Since Mary and I are certainly taking our Cocker Spaniel “Bella” on our SW trip, we have to find “pet-friendly” hotels/motels along the route. This pretty much eliminates the high-end establishments. The way we’ve been doing this is to use Google and just enter “hotels, motels, ‘pet-friendly’, and the location, e.g., Moab UT or Buffalo, TX.  This has been OK provided you mostly avoid the “Cheap Hotel Finder!” sites that crop up at the top of the results.  These sites have no idea if a hotel is pet-friendly or not and of course they do everything in their power to keep the actual contact info for the motel/hotel out of your hands. 
For example, you know “Priceline.com”, that site that advertises so heavily on TV? The one with William Shatner? They popped up on a search and said they would find us pet-friendly hotels.  So I went to one of their listed motels which said it’s  prices were about $80 but on selection the rooms actually available were $130 for a King no-smoking.  OK, I figure the premium is for the dog and I sign up.
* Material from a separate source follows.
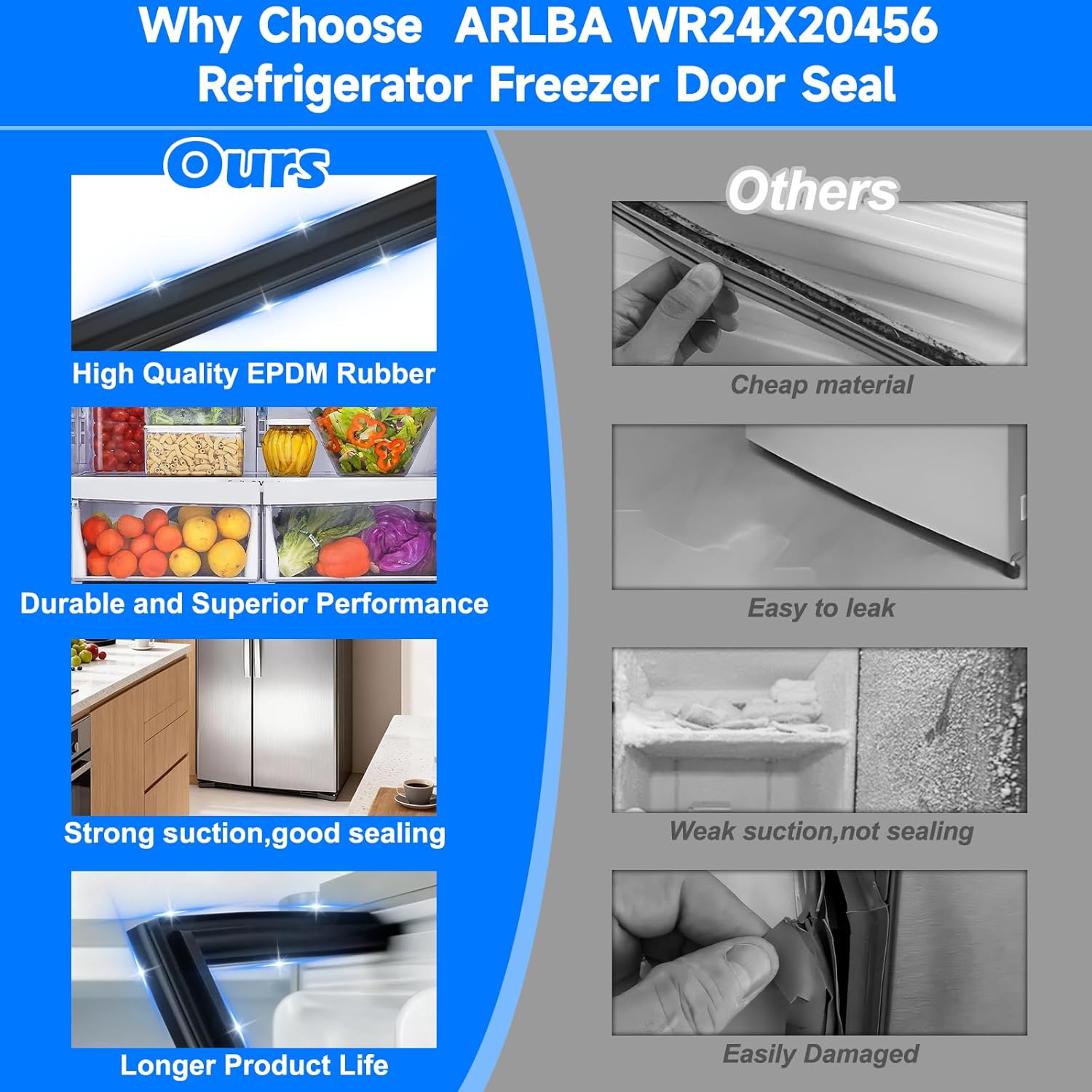 Upgraded 65.55"x 19.69" WR24X20456 Refrigerator Fresh Food Door Gasket Replacement Compatible with GE Refrigerator Door Seal Fridge Gasket WR24X10071 WR24X10157 WR24X10256 EAP8758487 PS8758487 Black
But then, thinking better of this, I figure I better check and (after much research) found the phone # of the hotel. 
No, they are NOT very pet-friendly: they have a “a few” rooms in which they allow pets but the one I have reserved is not one of them.  AND I can’t cancel my reservation then and there, I have to go BACK to Priceline to cancel the reservation—and apparently I have to call them.  I find the customer service number for Priceline and of course I get a roboreceptionist and get to (a) listen to their advertisement (b) key in data working through the options;  at one point they try to get you to go to the web to cancel (an option that for some reason wasn’t obvious when I had returned to the site), I persist and finally get a live person who was courteous and cancelled the reservation for a full refund—not always the case, apparently.
Bottom line: look carefully at the cancellation rules for these motel finder sites.